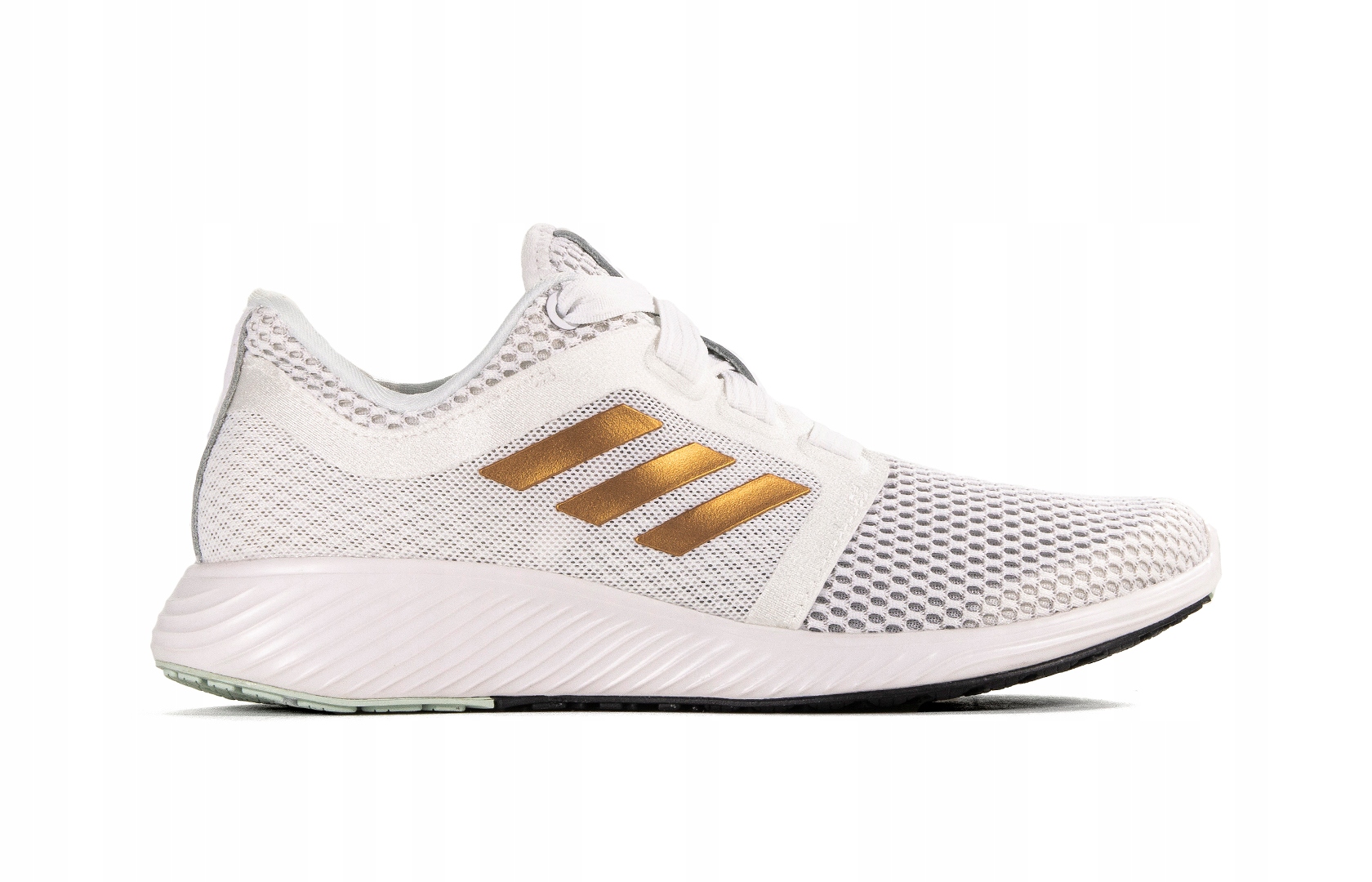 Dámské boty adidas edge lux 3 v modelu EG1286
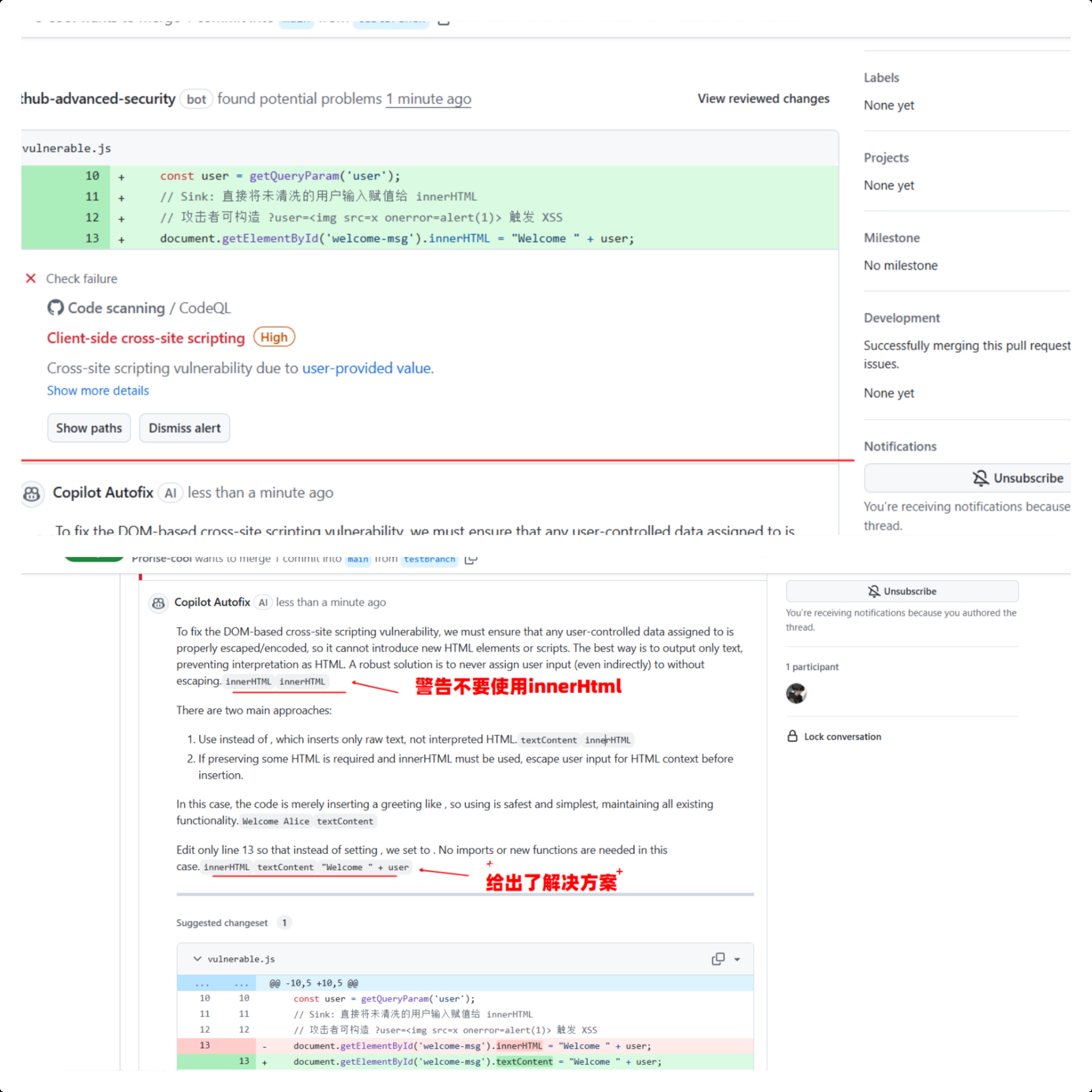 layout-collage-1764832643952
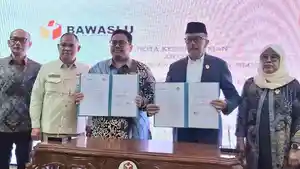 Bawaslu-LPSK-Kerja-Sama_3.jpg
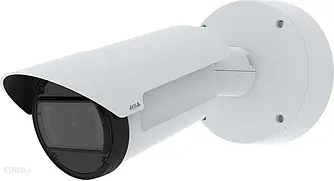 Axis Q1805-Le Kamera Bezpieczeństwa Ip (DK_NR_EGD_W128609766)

━━━━━━━━━━━━━━━━

#### What needs to be done:
Drop every image, please, and write out the data above exactly as shown.

#### Written answer:
 Dámské boty adidas edge lux 3 v modelu EG1286
 layout-collage-1764832643952
 Bawaslu-LPSK-Kerja-Sama_3.jpg
 Axis Q1805-Le Kamera Bezpieczeństwa Ip (DK_NR_EGD_W128609766)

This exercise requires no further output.